## What the task requires
For this exercise, write out only the lines of the entries below from the one with "EIT FOOD: Επιχειρηματικές" up to and including the one with "带孩子丽江自驾游,宝妈开着车带熊孩子兜风文案", exactly as they are. Pictures stay out.

## Data shown
--- START ---
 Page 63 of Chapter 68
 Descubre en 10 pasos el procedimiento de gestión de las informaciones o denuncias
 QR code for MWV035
--- END ---
--- START ---
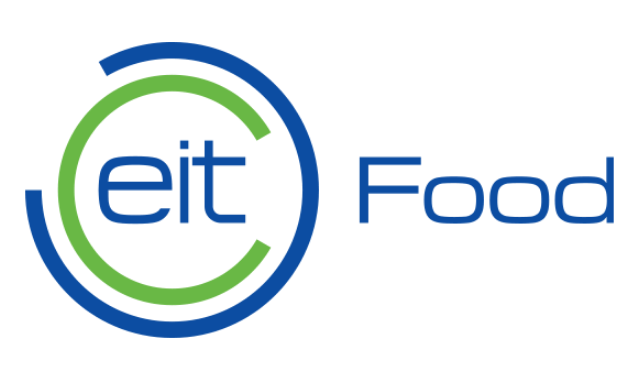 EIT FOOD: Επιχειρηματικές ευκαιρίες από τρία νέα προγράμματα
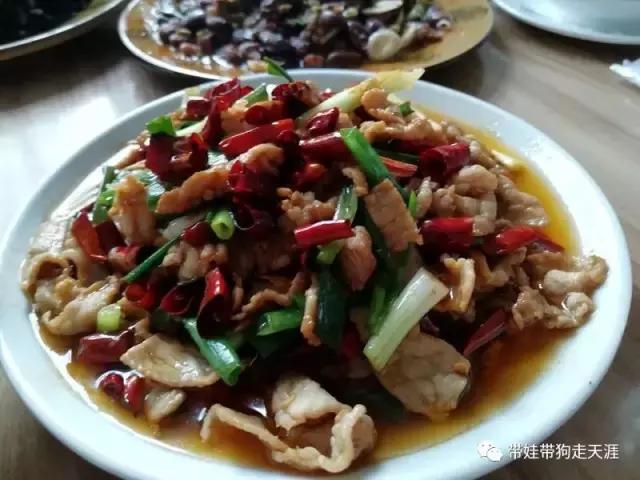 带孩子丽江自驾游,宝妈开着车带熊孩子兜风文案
--- END ---
## Written response
 EIT FOOD: Επιχειρηματικές ευκαιρίες από τρία νέα προγράμματα
 带孩子丽江自驾游,宝妈开着车带熊孩子兜风文案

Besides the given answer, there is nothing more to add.